Recorded data
=-=-=-=-=
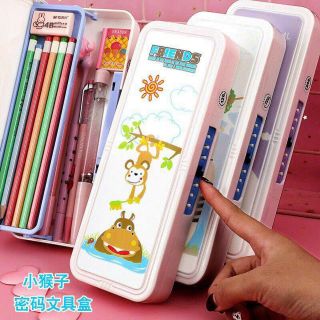 Hộp bút khoá mật khẩu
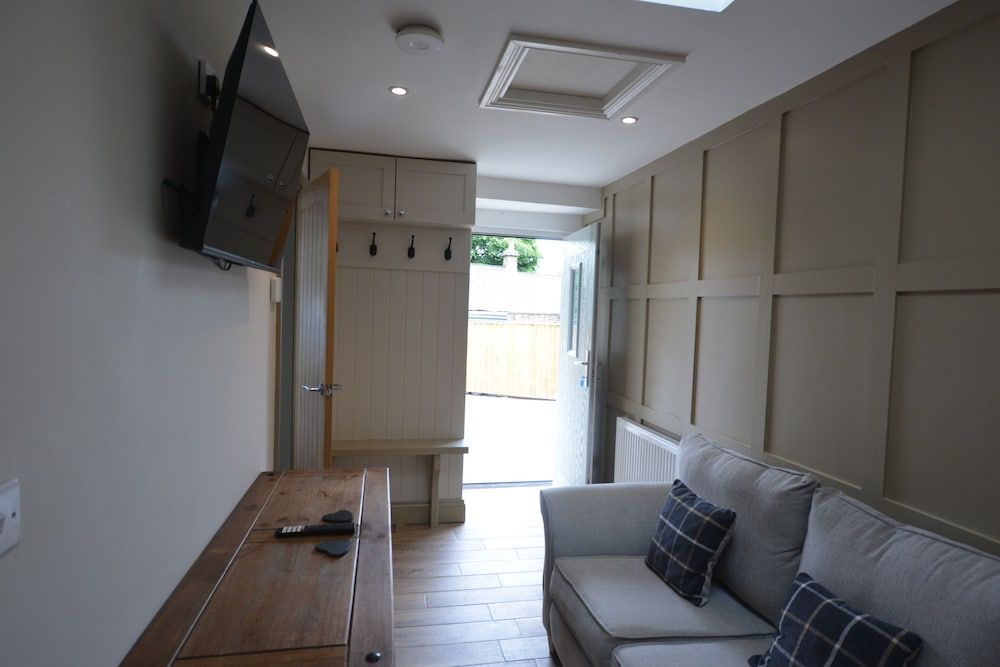 Durham City Cottages Comfort Cottage, Ensuite 12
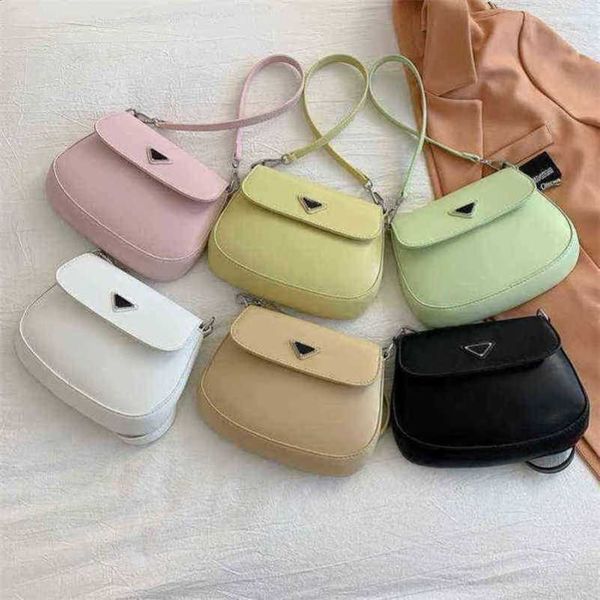 

2023 luxury bags shoulder korean saddle
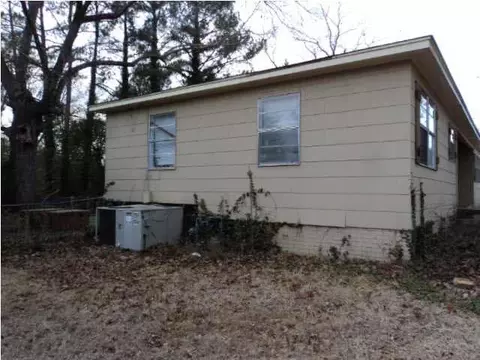 3005 Woodview Dr, Jackson, MS 39212 photo 2
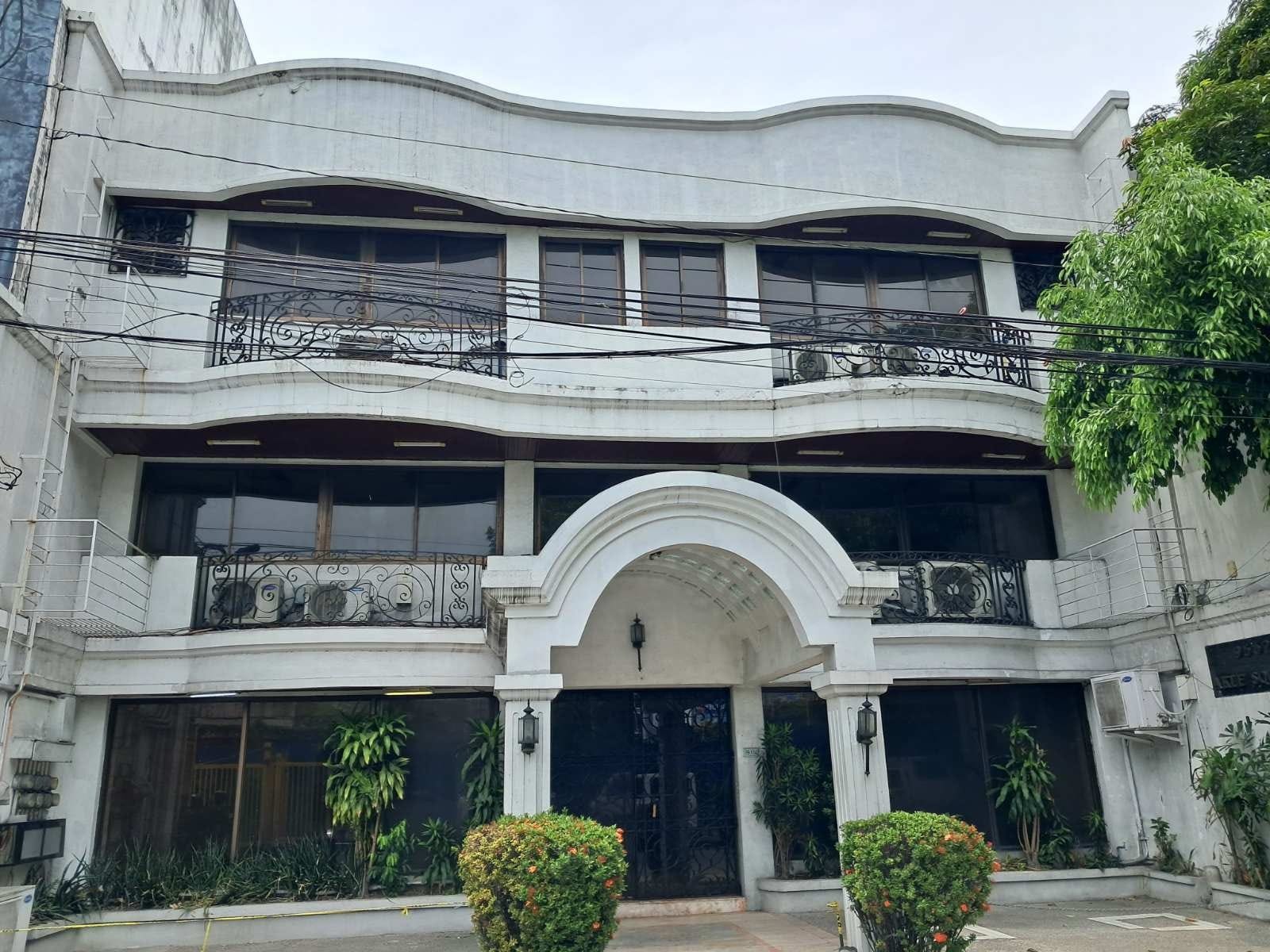 Commercial Building in San Antonio Makati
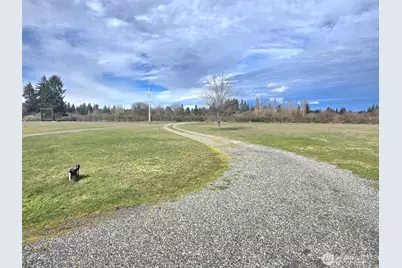 8905 Canal Road SE, Yelm, WA 98597 - Photo 25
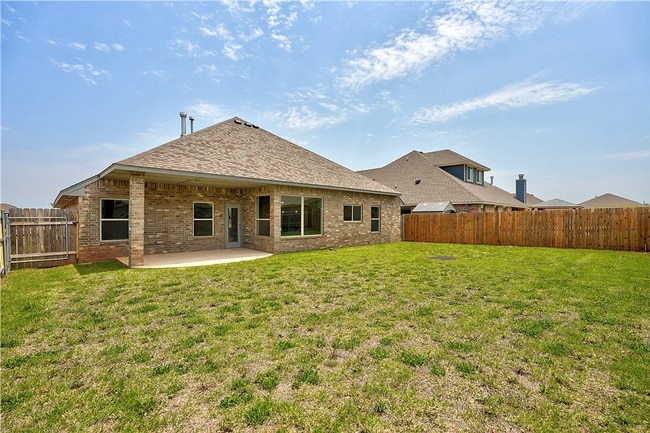 Building Photo - Charming 3-Bedroom Home with 3-Car Garage in Moore!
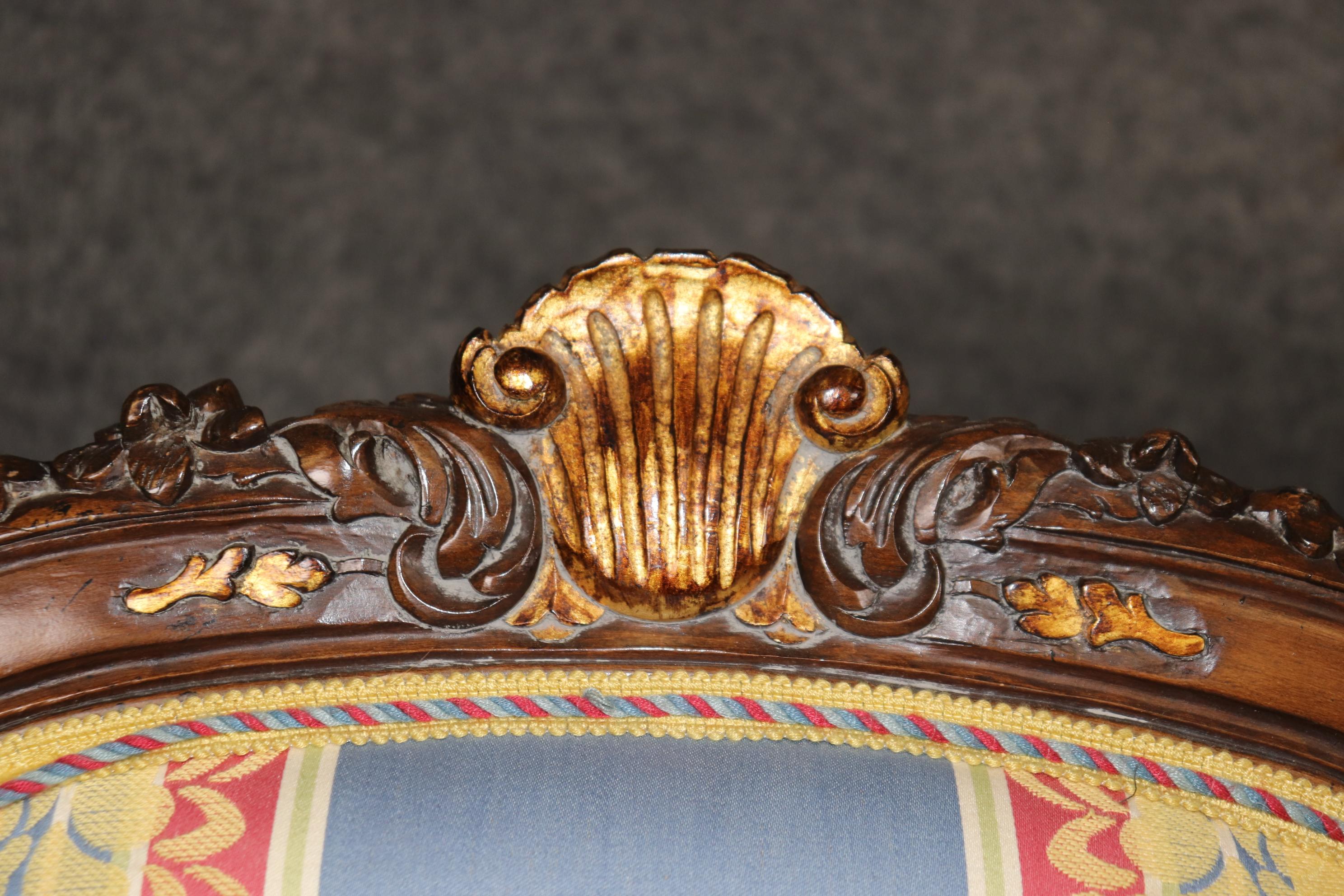 Il s'agit d'une magnifique paire de fauteuils de style Louis XV, très richement sculptés, avec des détails dorés à la feuille. Les cadres sont extrêmement formels et ornés et la tapisserie semble très propre pour un ensemble de chaises d'occasion.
=-=-=-=-=
All that is required is the lines from the line containing "Commercial Building in San Antonio Makati" through the end of the records above, copied exactly, and none of the pictures.

 Commercial Building in San Antonio Makati
 8905 Canal Road SE, Yelm, WA 98597 - Photo 25
 Building Photo - Charming 3-Bedroom Home with 3-Car Garage in Moore!
 Il s'agit d'une magnifique paire de fauteuils de style Louis XV, très richement sculptés, avec des détails dorés à la feuille. Les cadres sont extrêmement formels et ornés et la tapisserie semble très propre pour un ensemble de chaises d'occasion.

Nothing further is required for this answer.